At pump connect time, the nurse handed me the bottom part of a pump and a bag with chemo liquid in it.  "What's the deal with this?" I asked.  "Oh, your dose is too big for the canister, so we use this bag."

Oh really?  I then asked how I get a real pump, and the nurse admitted that about 1 in 5 patients get this set up.  I eyed the bag and asked how strong it was.  He goes, "Oh it's pretty strong."  I was exhausted and not thinking, but later I thought that this set up is probably not the best for a mama with two active kids.  No, we haven't had issues with the pump or the tubing, I'm careful.  But I'd feel a lot better with a pump where the chemo liquid is safely in a canister and not in a bag.  I'll be hassling someone about this.

Cold sensitivity started right away.  Blah.  I know it could be worse.

I'm tired, but these kids need to get out of the house.  We're headed to the library so I can sit down and they can do kid things.  I'm hoping that new books will keep them busy this afternoon.

Prayers and positive thoughts gladly accepted!

Thursday, November 3, 2011

Well hello, 4am!

That's right.  My eyes popped open a little after 4am despite the fact that I took a sleeping pill around 11pm.  Ugh.  Good thing chemo usually involves a nap.

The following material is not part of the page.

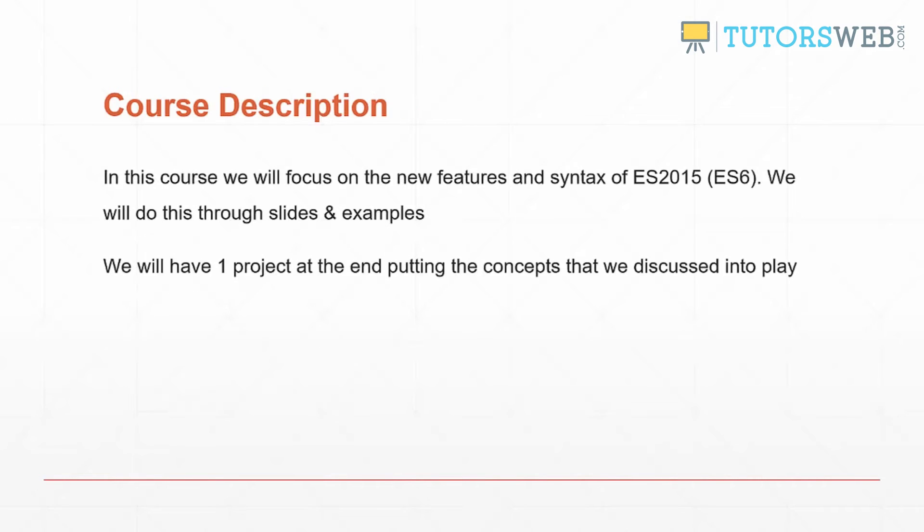So this course we will be focusing on the new features and syntax of ES2015, also known as ES6. We'll do this through slides and examples and then we'll have one project at the end putting the concepts that we discussed into play.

The kids and I had a busy day yesterday, cleaning and cooking.  No one will starve this weekend while I'm sick, haha.  Not that they would anyway.  Eric is awesome about taking care of all of us when I'm not feeling my best.  I try to make it easier if I can.

I'm going to try to lay down and get another hour or so of sleep now.  Prayers are definitely appreciated today, both that my white counts have recovered enough for chemo and that I can bounce back quickly from this treatment.